NetVoice from NIKSUN is the best. As NIKSUN has Full Packet Capture technology coupled with Google, like a search engine with user-friendly GUI and reporting abilities.
You can use PRTG Network Monitor. It has the built-in ability to monitor VoIP between end points.
Feel free to contact me in case you want to discuss more on that.
My recommendation using Nagios XI. they easy to implement and easy to administrating.
Nagios XI also have the Plugin for VoIP
Nagios Plugin to check Call Quality in SIP VoIP (compatible with checkmk, etc) sipnagios implements the Nagios plugin API for monitoring and performance data. sipnagios.c is a modification of the original siprtp.c sample in pjproject distribution
You can have it at github.com/gmaruzz/sipnagios
You can use the IP SLA feature running on Cisco routers. As so, you can define many protocols to monitoring. You have to confogure a router as IP SLA sender and many routers or devices as IP SLA responders. Depending of the feautures of the responders, you can see ICMP, UDP, TCP responders. If you have VoIP responders, you can monitor also the jitters and the MOS values.
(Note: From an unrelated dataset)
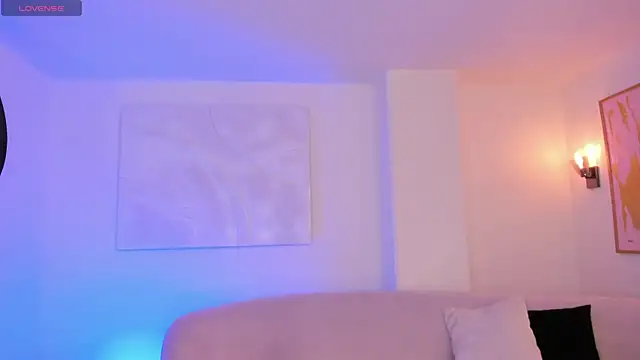 IsabellaMoreau online show from November 26, 7:37 pm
All of this results are loaded in the IP SLA sender router. The you can see theses statistics (history, graphs) with monitoring tools, as PRTG or WUG. Are you working with Cisco devices? If yes, this is a great and powerful way.
I have seen Nagios, PRTG and ManageEngine
These are all appropriate tools. Just adding my own experience as having the opportunity to have worked with all.
Nagios , easy to implement, agents easy to install, interface management for alerts: good
PRTG , easy to implement, agents very easy to install, interface management for alerts: good
ManageEngine is more modular to implement, agents easy to install, interface management for alerts: very good
Using LogicMonitor, you can monitor network equipment and servers, I think this depends on your equipment,
Nagios XI is the commercial, easier-to-use version of the Nagios core open source version, but still has the extensibility of core. Tends to be very price competitive too.
PRTG is the best that I have used ever, Check its sensors and If you didn't find the sensor that you are looking for you can create your own one meanwhile you can request it from the development team.
https://www.paessler.com/prtg
I kindly suggest Manage Engine Opsmanager.